Associations with standing to bring legal proceedings

The Court moves on to the first question: whether the Anti-Discrimination Employment Directive must be interpreted as precluding national legislation under which an association of lawyers whose objective is the judicial protection of persons having in particular a certain sexual orientation and the promotion of the culture and respect for the rights of that category of persons, automatically, on account of that objective and irrespective of whether it is a for-profit association, has standing to bring legal proceedings for the enforcement of obligations under that directive and, where appropriate, to obtain damages, in circumstances that are capable of constituting discrimination, within the meaning of that directive, against that category of persons and it is not possible to identify an injured party.

The Court analyses step by step the various facets of this complex question.

According to Article 9(2) of the Anti-Discrimination Employment Directive, Member States are to ensure that associations, organisations or other legal entities which have a legitimate interest in ensuring that the provisions of the directive are complied with, may engage, either on behalf or in support of a complainant, with his or her approval, in any judicial and/or administrative procedure provided for the enforcement of obligations under the directive.

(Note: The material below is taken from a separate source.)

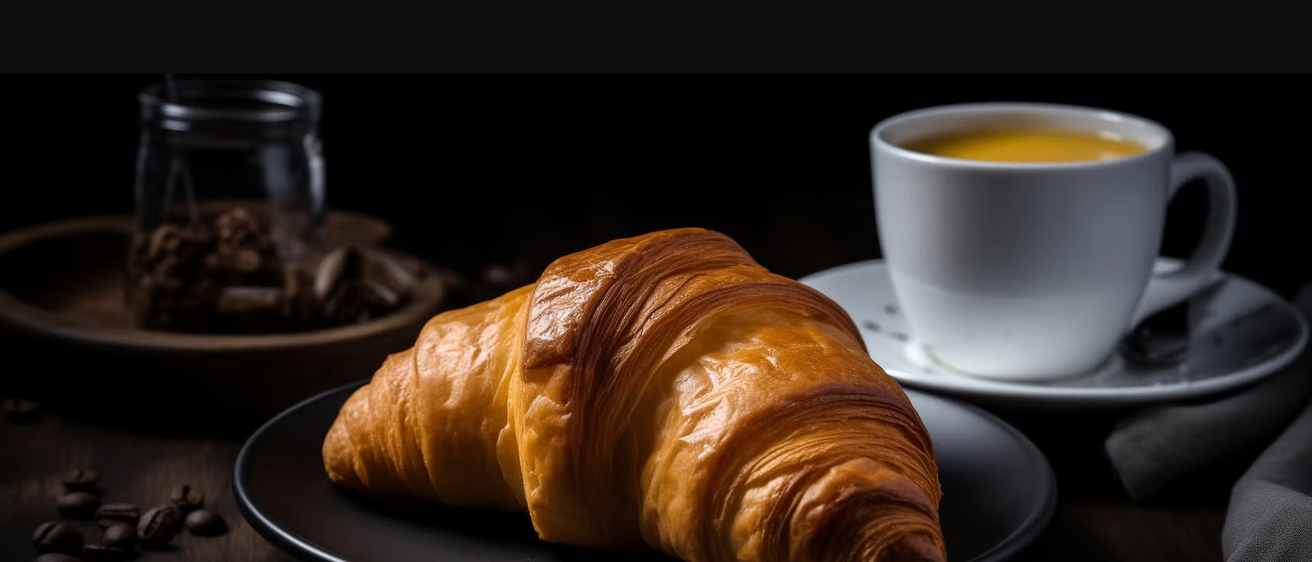 Eine Nahaufnahme eines goldbraunen Croissants mit glänzender, blättriger Textur, auf einer schwarzen Oberfläche mit einer weißen Tasse Kaffee im Hintergrund.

Since no injured party can be identified in the present case, Article 9(2) of the Directive does not require an association such as that at issue in the main proceedings to be given standing in the Member States to bring judicial proceedings. Nevertheless, Article 8(1) of the Anti-Discrimination Employment Directive provides that Member States may introduce or maintain provisions which are more favourable to the protection of the principle of equal treatment than those laid down in that directive. This is the case for Italy where article 5 of its Legislative Decree n° 216/2003 provides that “trade unions, associations and organisations (…) shall also have standing in cases of collective discrimination where it is not automatically and immediately possible to identify individuals affected by the discrimination”.

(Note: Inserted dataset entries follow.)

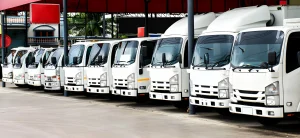 1 ton vs 3 ton truck. A row of white buses parked neatly under a red shelter on a sunny day, representing organized and reliable truck for rent services in Dubai, also suitable for furniture shifting Dubai.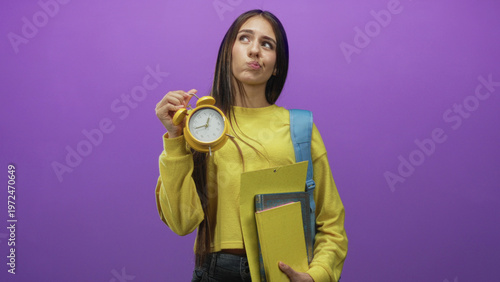 Cuadro en lienzo Teenage student holds yellow alarm clock and notebooks, pouts while carrying backpack in studio; time pressure frustration
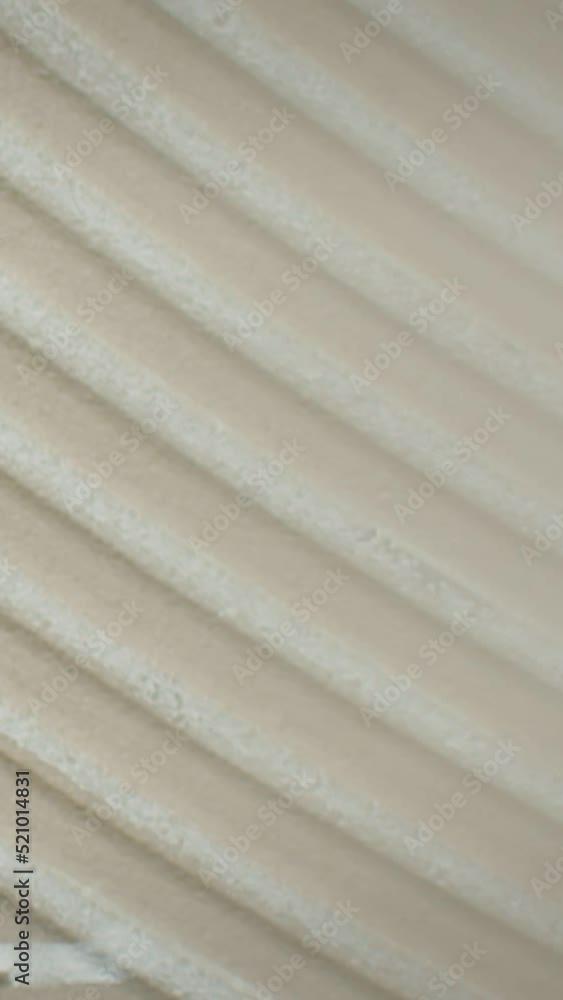 Embossed striped pattern on the wall, close-up. Abstract background Embossed striped pattern on the wall, close-up. Abstract background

Therefore, as was the case with Asociaţia Accept, the Court recalls that Article 9(2) of the Anti-Discrimination Employment Directive in no way precludes a Member State from laying down, in its national law, the right of associations with a legitimate interest in ensuring compliance with that directive to bring legal or administrative proceedings to enforce the obligations resulting therefrom without acting in the name of a specific complainant or in the absence of an identifiable complainant.

In those cases, it is for that Member State to decide under which conditions an association such as that at issue in the main proceedings may bring legal proceedings and for a sanction to be imposed in respect of such discrimination.

With regards to sanctions, the Court, quoting Asociaţia Accept, recalls that sanctions are required, in accordance with Article 17 of the Anti-Discrimination Employment Directive, to be effective, proportionate and dissuasive, regardless of whether there is any identifiable injured party. As noted by Djelassi and Mertens, sanctions can therefore, include the payment of pecuniary damages also in the present case where there is no identifiable complainant and no ongoing recruitment procedure.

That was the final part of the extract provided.